This case has been cited 3 times or more.

2012-07-11
REYES, J.
Under Article 1732 of the Civil Code, common carriers are persons, corporations, firms, or associations engaged in the business of carrying or transporting passenger or goods, or both by land, water or air for compensation, offering their services to the public. On the other hand, a private carrier is one wherein the carriage is generally undertaken by special agreement and it does not hold itself out to carry goods for the general public.[28] A common carrier becomes a private carrier when it undertakes to carry a special cargo or chartered to a special person only.[29] For all intents and purposes, therefore, Reputable operated as a private/special carrier with regard to its contract of carriage with Wyeth.
2011-07-13
MENDOZA, J.
Therefore, even if the contract is for a bareboat or demise charter where possession, free administration and even navigation are temporarily surrendered to the charterer, dominion over the vessel remains with the shipowner.
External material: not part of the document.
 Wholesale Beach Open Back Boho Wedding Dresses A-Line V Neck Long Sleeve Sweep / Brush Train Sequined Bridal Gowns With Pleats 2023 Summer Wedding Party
Ergo, the charterer or the sub-charterer, whose rights cannot rise above that of the former, can never set up the Limited Liability Rule against the very owner of the vessel. Borrowing the words of Chief Justice Artemio V. Panganiban, "Indeed, where the reason for the rule ceases, the rule itself does not apply." [33]
2006-01-24
QUISUMBING, J.
Petitioner heavily relies on Home Insurance Co. v. American Steamship Agencies, Inc.[18] and Valenzuela Hardwood and Industrial Supply, Inc. v. Court of Appeals.[19] The said cases involved a private carrier, not a common carrier. Moreover, the issue in both cases is not the effect of a voyage-charter on a common carrier, but the validity of a stipulation absolving the private carrier from liability in case of loss of the cargo attributable to the negligence of the private carrier.